Recall that on a microwave, "1:23" means there are 83 seconds left, because the middle digit only goes up to 5.

So, we can say that "123" is "83 expressed in base `(...)(0-9)(0-5)(0-9)`." The possible characters we can put in the rightmost place are ["0", "1", ..., "9"]; for the second-rightmost, ["0", "1", ..., "5"]; for the third-rightmost and all others, 0-9 again.

To express 83 in base `(...)(0-9)(0-5)(0-9)`:

- We first find the rightmost digit: there are 10 possibilities, so we take [83 mod 10 = 3] and that's the last digit.
- To compute the rest of the digits, we take the quotient (i.e. floor(83/10) - 8) and express it in base `(...)(0-9)(0-5)` (which we got by dropping the rightmost place of the old base).
- [8 mod 6 = 2], so the next digit is 2; quotient 1.
- [1 mod 10 = 1], so the next digit is 1; quotient 0.
- We've reached 0, so we're done.
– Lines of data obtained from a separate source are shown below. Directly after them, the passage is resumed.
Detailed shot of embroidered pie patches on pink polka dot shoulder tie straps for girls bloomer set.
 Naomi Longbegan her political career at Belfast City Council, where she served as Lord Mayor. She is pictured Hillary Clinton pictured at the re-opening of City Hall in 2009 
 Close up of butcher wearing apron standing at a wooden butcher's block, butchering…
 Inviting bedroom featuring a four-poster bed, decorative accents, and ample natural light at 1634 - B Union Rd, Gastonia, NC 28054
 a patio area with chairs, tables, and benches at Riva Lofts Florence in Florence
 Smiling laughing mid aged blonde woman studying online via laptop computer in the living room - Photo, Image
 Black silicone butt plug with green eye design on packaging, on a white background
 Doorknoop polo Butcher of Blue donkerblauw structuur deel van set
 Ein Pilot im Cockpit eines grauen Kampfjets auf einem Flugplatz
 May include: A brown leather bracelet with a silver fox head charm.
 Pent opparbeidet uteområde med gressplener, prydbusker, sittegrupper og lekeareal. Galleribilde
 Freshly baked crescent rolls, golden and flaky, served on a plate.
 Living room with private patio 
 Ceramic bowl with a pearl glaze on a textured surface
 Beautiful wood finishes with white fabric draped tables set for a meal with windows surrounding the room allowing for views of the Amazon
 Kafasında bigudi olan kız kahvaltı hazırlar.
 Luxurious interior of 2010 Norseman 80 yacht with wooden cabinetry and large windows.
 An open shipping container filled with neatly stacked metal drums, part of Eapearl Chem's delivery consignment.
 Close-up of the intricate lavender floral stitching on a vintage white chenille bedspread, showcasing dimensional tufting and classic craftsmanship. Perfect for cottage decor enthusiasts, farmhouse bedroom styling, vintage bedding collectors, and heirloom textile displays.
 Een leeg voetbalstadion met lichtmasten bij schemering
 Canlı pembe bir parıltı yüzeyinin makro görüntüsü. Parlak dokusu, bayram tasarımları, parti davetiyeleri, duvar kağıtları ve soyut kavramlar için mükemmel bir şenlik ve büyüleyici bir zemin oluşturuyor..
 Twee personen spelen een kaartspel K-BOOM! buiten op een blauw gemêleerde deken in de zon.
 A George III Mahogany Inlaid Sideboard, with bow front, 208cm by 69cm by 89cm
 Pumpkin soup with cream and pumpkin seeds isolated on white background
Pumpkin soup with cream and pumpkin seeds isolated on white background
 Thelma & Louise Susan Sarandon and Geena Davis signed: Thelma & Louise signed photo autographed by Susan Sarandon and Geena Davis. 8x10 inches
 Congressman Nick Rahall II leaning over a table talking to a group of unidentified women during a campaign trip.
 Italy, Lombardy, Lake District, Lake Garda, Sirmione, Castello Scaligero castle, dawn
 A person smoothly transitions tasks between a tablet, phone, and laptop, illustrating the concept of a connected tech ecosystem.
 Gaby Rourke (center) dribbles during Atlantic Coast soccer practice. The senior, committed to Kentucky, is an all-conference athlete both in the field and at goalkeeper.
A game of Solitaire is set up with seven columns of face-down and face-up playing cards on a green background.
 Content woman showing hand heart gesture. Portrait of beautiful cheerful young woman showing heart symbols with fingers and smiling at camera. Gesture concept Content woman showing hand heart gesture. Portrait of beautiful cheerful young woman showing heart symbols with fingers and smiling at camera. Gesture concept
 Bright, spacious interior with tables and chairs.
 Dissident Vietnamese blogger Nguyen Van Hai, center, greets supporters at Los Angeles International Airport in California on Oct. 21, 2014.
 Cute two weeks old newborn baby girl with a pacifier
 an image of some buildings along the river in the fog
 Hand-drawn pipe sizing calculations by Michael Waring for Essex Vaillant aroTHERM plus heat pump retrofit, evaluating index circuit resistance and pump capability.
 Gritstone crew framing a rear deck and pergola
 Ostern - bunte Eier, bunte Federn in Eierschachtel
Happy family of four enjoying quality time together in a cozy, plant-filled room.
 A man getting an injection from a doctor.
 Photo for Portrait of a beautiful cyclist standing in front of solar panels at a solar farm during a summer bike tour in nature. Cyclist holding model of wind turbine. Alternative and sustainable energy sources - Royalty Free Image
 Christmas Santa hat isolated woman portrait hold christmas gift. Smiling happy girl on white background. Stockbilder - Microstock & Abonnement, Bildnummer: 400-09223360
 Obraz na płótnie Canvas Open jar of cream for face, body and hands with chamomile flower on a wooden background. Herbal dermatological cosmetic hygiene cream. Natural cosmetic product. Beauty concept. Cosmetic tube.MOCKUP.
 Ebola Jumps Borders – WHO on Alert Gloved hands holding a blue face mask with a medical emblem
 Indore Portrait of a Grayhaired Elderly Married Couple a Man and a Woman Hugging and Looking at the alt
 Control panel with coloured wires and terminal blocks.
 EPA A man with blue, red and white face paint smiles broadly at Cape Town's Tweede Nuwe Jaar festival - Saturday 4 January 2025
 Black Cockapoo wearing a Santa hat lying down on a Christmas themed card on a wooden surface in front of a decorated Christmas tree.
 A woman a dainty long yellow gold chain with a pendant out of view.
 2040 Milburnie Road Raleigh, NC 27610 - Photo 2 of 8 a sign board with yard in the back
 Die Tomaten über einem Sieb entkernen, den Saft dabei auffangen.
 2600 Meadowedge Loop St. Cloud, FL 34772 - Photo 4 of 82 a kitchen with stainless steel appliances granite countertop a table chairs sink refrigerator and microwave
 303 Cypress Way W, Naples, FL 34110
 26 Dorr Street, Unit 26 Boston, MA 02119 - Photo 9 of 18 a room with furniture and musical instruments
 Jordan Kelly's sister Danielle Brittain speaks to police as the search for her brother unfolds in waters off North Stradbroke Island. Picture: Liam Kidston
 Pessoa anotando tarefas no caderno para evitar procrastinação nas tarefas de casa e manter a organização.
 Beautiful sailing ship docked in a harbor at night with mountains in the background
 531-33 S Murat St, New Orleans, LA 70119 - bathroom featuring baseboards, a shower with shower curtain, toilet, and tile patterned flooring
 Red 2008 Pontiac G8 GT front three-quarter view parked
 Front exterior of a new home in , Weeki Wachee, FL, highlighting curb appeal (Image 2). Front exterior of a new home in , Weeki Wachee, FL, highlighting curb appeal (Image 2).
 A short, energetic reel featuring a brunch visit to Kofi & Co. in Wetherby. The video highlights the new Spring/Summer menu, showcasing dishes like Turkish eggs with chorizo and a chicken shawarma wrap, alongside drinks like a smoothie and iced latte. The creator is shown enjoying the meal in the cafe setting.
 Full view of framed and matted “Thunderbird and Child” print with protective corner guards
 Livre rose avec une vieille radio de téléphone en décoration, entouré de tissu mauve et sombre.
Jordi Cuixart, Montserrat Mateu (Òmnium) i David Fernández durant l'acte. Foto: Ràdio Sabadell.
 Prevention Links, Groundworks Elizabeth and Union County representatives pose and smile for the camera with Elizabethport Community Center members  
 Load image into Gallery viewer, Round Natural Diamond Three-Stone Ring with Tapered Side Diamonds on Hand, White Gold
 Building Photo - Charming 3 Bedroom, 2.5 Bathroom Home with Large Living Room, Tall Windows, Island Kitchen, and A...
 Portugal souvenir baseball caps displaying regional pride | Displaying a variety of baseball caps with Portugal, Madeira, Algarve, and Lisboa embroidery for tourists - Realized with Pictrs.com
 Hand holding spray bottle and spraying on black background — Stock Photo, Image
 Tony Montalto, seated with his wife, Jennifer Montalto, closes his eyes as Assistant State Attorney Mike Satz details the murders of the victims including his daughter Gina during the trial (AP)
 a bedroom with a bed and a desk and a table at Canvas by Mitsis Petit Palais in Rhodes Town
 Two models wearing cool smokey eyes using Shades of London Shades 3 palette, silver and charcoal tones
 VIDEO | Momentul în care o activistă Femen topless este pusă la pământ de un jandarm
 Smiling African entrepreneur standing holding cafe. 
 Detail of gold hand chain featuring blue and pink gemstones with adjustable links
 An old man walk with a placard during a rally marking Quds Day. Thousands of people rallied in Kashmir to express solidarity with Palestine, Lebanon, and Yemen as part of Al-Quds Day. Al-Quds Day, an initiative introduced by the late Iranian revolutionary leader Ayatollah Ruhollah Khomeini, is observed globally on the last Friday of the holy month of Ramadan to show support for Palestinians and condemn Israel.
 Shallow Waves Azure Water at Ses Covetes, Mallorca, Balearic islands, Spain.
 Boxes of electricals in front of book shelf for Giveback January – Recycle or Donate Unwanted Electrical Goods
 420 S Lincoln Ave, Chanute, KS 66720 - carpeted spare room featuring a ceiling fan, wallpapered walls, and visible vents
The final answer is "123", as expected.

Explained more precisely
----------------------------------

Inputs:

- master password (string)
- purpose/application/site/username/whatever (string)
- an ordered list of "required charsets", e.g. ["a-z", "A-Z", "0-9", "!"]

The core algorithm here is a three-step process.

1. Use PBKDF2-HMAC-SHA256 to convert the master password, salted with the purpose, with a million iterations, into a key.
2. Hash that key, using HMAC-SHA256, to obtain a 64-character hex string.
3. Interpret that as a (gigantic) hexadecimal number, and write it in a particular mixed-radix system (described below) derived from the given charsets. The result is a string that contains at least one character from each charset.

If the required charsets are `['a-z', 'A-Z', '0-9', '!']` (PRPG's default), we define the corresponding numeral system to be `(...)(a-zA-Z0-9!)(a-z)(A-Z)(0-9)(!)`

That is: the last digit is drawn from the last charset; the second-to-last from the second-to-last; etc.; until there are no more charsets, and then all remaining digits are drawn from the concatenation of all the charsets.


Hand-Worked Example
-------------------

- Get the MAC (not by hand):

```python
key = pbkdf2_hmac(password=master_password, salt="github.com:speezepearson", iterations=10**6, hash_function=sha256)
mac = hmac_sha256(key=key, msg="").hexdigest()
```

- Suppose the MAC is `000...000864c6` (implausibly small, for the sake of example). Interpreted as a hex number, this equals 550086. Let's express this using the charsets `['a-z', '0-9']`.
- The corresponding base is `(...)(a-z0-9)(a-z)(0-9)`.
- 550086 mod 10 = 6 (quotient 55008); `'0123456789'[6] = '6'`
- 55008 mod 26 = 18 (quotient 2115); `'abcd...xyz'[18] = 's'`
- 2115 mod 36 = 27 (quotient 58); `'a...z0...9'[27] = '1'`
- 58 mod 36 = 22 (quotient 1); `'a...z0...9'[22] = 'w'`
- 1 mod 36 = 1 (quotient 0); `'a...z0...9]'[1] = 'b'`
- We've reached 0. We're done. The result is 'bw1s6'.